Fat Possum

Noble Beast, Andrew Bird’s fifth studio album, is a lush, serious, lyrical hour that lodges in the listener’s imagination like a childhood memory. It is the kind of music to be played at weddings and funerals. It is the kind of music you can sleep or make love to, cook or jump rope to, skip or daydream to, kneel down and kiss the earth to. It is the kind of music I always hoped I’d hear before I died. Bird’s effortless orchestrations, elegant voice, enthralling melodies, and learned lyrics serve each other in a symbiosis so powerful, this album earns him placement in the category of chamber music, not just chamber pop. You can map the album out visually by imagining each song as a geodesic dome with its name emblazoned on top: “Fitz and the Dizzyspells,” “Anonanimal.” Small, enclosed paths run from one to another, but each dome, each song is an environment, a self-contained unit.
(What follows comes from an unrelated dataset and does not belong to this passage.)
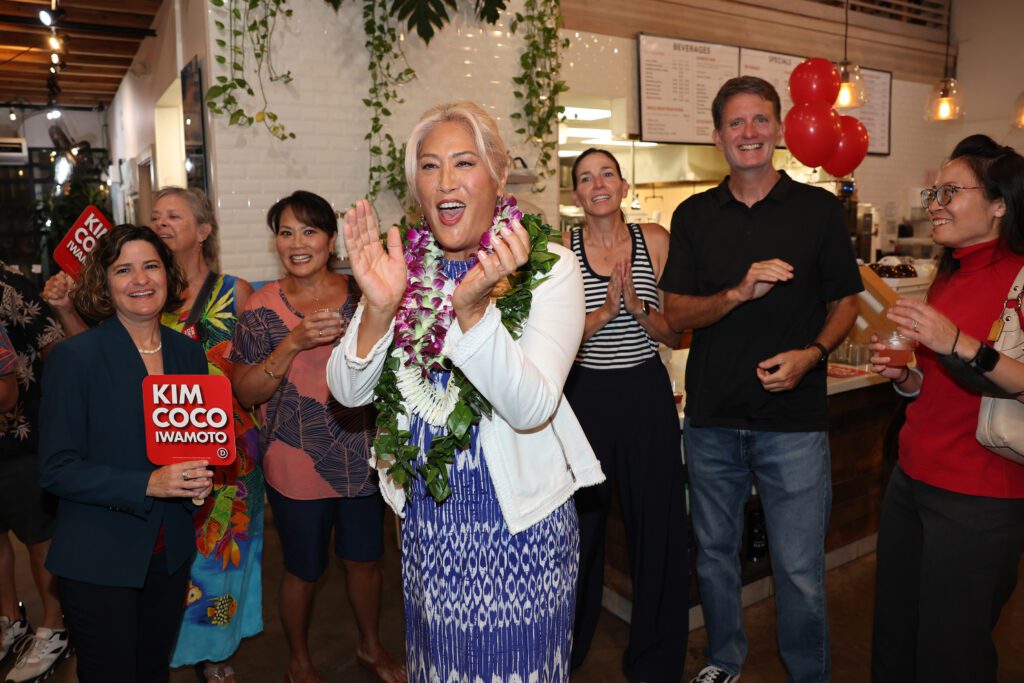 Hawaii House candidate Kim Coco Iwamoto reacts to the first printout of the Democratic Party primary election at a coffee shop in Kakaako on Saturday. (Marco Garcia/Civil Beat/2024)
Early on in the album is “Effigy,” a song which showcases three of this quadruple-threat’s talents: violin, vocals, and guitar. Beginning with haunting violin backed by loops, the tune transitions smoothly into a guitar melody before easing into Bird’s vocals. He sings, “If you come to find me affable, and build a replica for me, would the idea to you be laughable?” And later on, “Fake conversations on a non-existent telephone. Like the words of a man who’s spent a little too much time alone. When one has spent too much time alone. . .” This last phrase is answered by Bird’s violin. The effect is marvelous. The listener’s mind had been busy exploring the meaning of lyrics, but this process is slid into the more abstract task of probing a violin part. The second time through, Bird sings the melody, guiding the listener back to the lyrics, and back further to the violin introduction.

Useless Creatures, a bonus disc of instrumentals, works as an excellent coda or digestif to the album, albeit a dark, lengthy, and contemplative one. Perhaps it is more like a second act that features more of the studio as instrument, without forgetting the ambrosial setting of Noble Beast. On “The Barn Tapes,” it sounds like Bird has a piano, but when he presses a key, instead of a felt covered hammer striking a steel string, an entire symphony is cued to play an immense, dark chord. Other keys are pressed, and soon symphonies are tangled up with symphonies. The music is so grand its atonality is hardly noticeable.

After listening to both discs, a glance at the cover is due as it depicts the music better than any I have seen in a long time. Much can be said about such precise album cover art, but it is the music contained therein, music that not only has staying power, but gets more and more fascinating as time goes on, that is star of the show. Bird, who is still in his mid-30s, has already produced a body of work deserving of iconoclastic accolades. Noble Beast and Useless Creatures serve as evidence that his work has just begun.